■ DIRECTIONS FOR THIS TASK
Repeat the records in full. No pictures belong in the copy.

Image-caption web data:
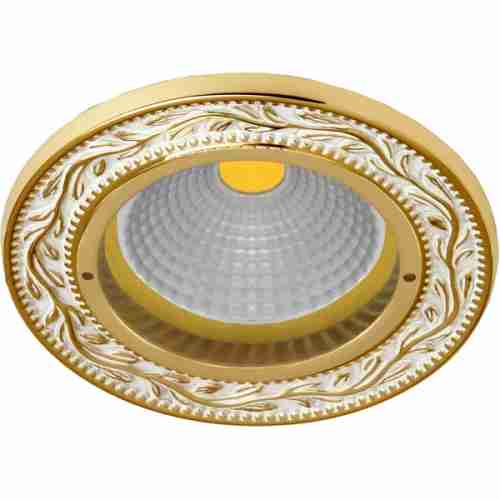 Светильник точечный Fede Paris Flat And Round FD1027ROP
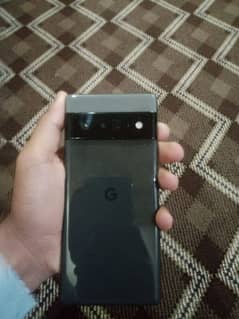 Google pixel 6 pro original mobile JV no exchange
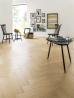 Podlaha PARKY 2.0 SWING Ivory Oak Premium - levé kusy 593/121/10mm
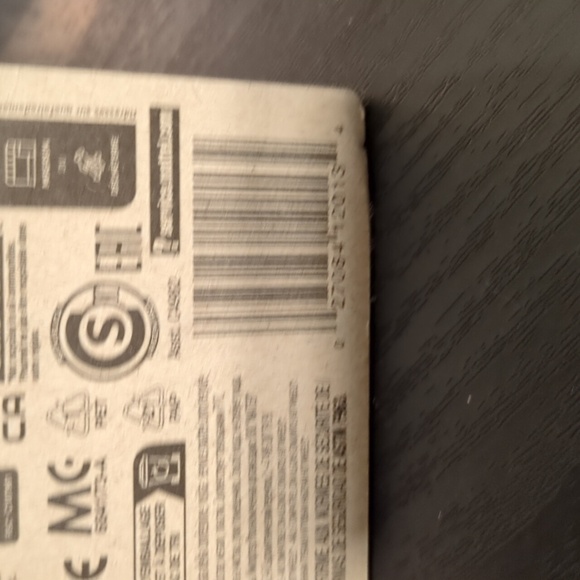 Mattel Black Batmobile Hot Wheels Car - Picture 3 of 3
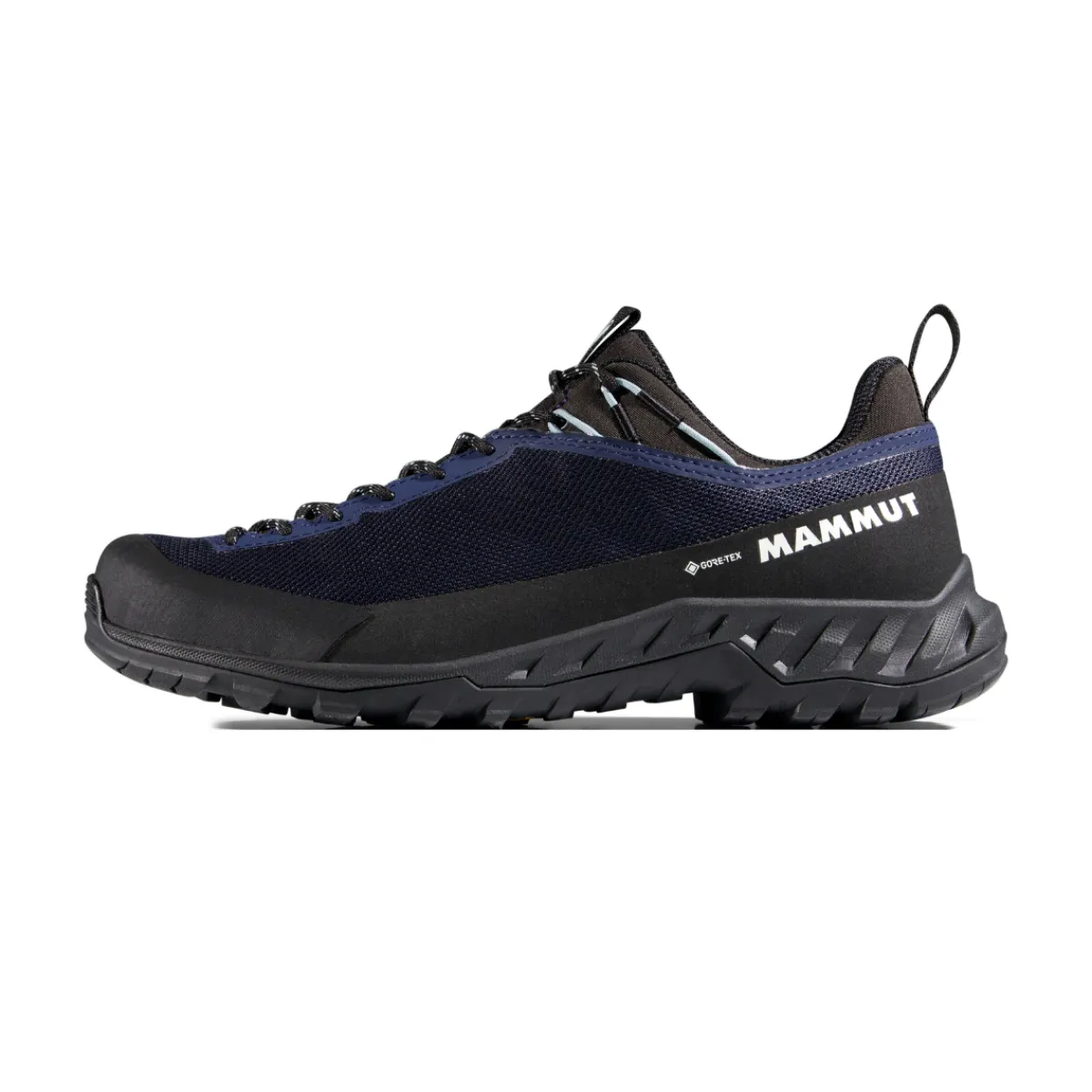 Alnasca IV Low GTX approachsko, dame (Marine / Nebla)-MAMMUT Clearance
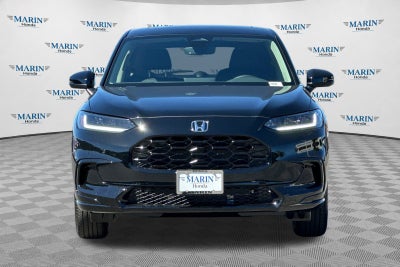 2027 Honda HR-V EX-L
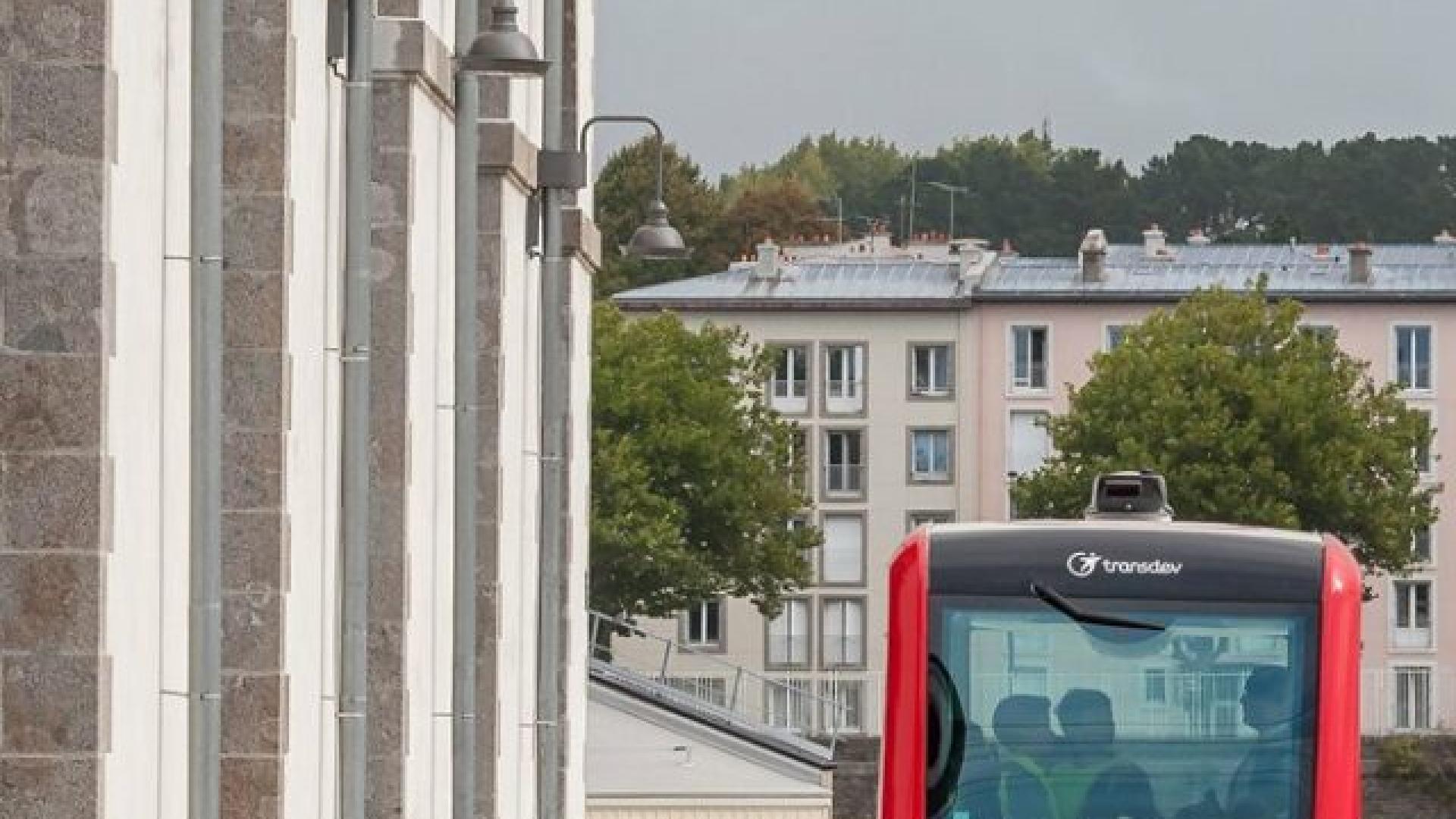 Le véhicule autonome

■ ANSWER
 Светильник точечный Fede Paris Flat And Round FD1027ROP
 Google pixel 6 pro original mobile JV no exchange
 Podlaha PARKY 2.0 SWING Ivory Oak Premium - levé kusy 593/121/10mm
 Mattel Black Batmobile Hot Wheels Car - Picture 3 of 3
 Alnasca IV Low GTX approachsko, dame (Marine / Nebla)-MAMMUT Clearance
 2027 Honda HR-V EX-L
 Le véhicule autonome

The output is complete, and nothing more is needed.